Tapi, lihat itu! Ada rumah makan bertuliskan “Depot Muslim 100% Halal”. Bah, seperti di Bali saja. Tapi, tak apa lah. Demi perut. Setelah ini kami harus belajar buat tes besok.
Akhirnya, kami pesan empat porsi makanan. Berbeda satu sama lainnya. Dua mie goreng, dua nasi goreng. Dua es teh, dua es jeruk. Mantap...
Kuperhatikan sekeliling. Rumah makan ini penuh sesak. Sepertinya pembelinya orang-orang kaya. Memang, kami sempat heran dengan harga di daftar menu. Nasi goreng seporsi Rp. 15.000? Nasi goreng macam apa itu? Aku baru tersadar jika ini rumah makan milik warga Chinese muslim. Wajar lah, jika ada embel-embel “halal”-nya. Yah, tak apalah berkorban duit dikit, uang saku juga masih lumayan banyak.
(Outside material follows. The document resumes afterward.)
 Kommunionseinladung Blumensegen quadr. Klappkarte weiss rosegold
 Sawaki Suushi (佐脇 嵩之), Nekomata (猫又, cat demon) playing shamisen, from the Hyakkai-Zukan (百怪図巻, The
Sambil menanti makanan datang, aku mengirim SMS ke semua orang. Isinya: “Mohon doanya buat besok. Semoga tes berjalan lancar.” Send to many…
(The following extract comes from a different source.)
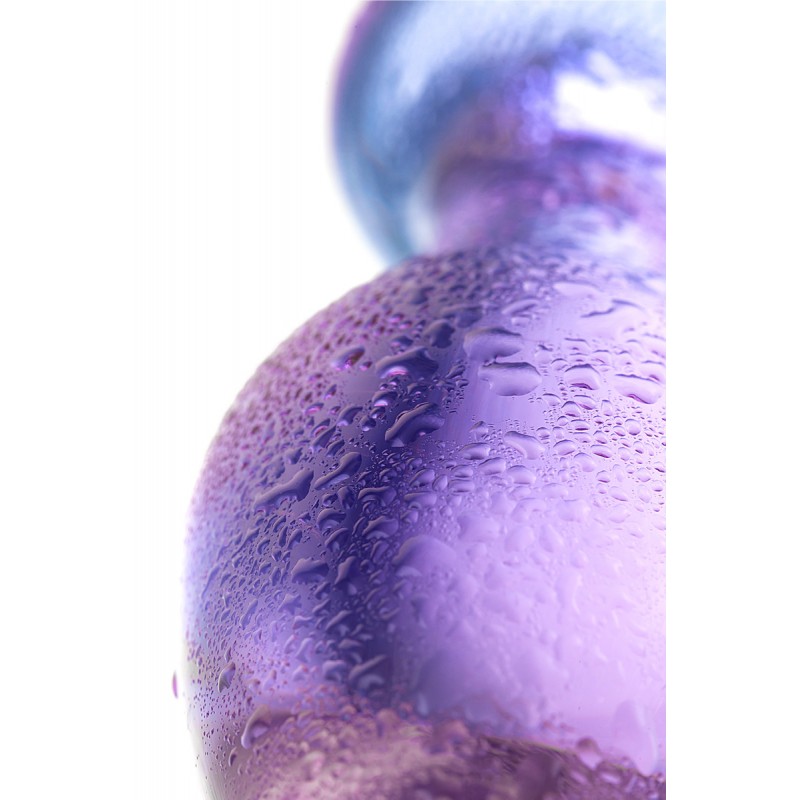 Стеклянная анальная втулка фиолетовая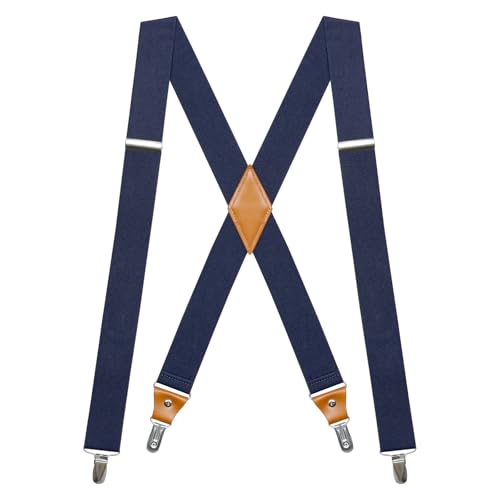 Hosenträger Herren Extra Stark Breit 35mm mit Sehr Starken 4 Metall Clips Einstellbar Elastische Hosenträger für Herren Einheitsgröße für Arbeitshose Motorrad Hosen Männer Damen X Form Dunkelblau von Generisch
Dan… balasan datang satu-persatu. Hapeku berdenyut berkali-kali. Aku kewalahan.
Guru les privat Math: Iya Dek, pasti aku doakan. Semoga berhasil.
Tante: Memangnya besok mau ke mana, Dek? Kamu sekarang di Surabaya to?
Temen: Sama-sama, Lia…
Mbak: Iya, pasti Mbak doakan. Belajar ya..
Om: Udah belajar, belum? Belajar sana!
A***: Besok mau ujian ya?
Nah! SMS yang terakhir ini yang membuatku tidak berhenti memegang hape.
Sampai makanan datang… dan kami terheran-heran… Gila! Ini porsi manusia apa porsi gajah? Keheranan kami disambut tawa cekikikan waitress yang tadi mengantar makanan. Ternyata, seporsi makanan di sini untuk satu keluarga. Pantas, harganya mahal. Malu bercampur geli. Mau bagaimana lagi? Dua porsi kami makan bersama-sama. Dua porsi dibungkus, dibawa pulang. Lumayan kalau Mbak Emi mau. Jadi tidak terbuang sia-sia. Nasi goreng Hongkong yang kupesan jadi rebutan. Enak, katanya. Di tengah-tengah acara makan, aku masih saja SMSan. Sampai-sampai si Yana menggertak, “Heh, Nduk, makan! Jangan SMSan mulu dong!”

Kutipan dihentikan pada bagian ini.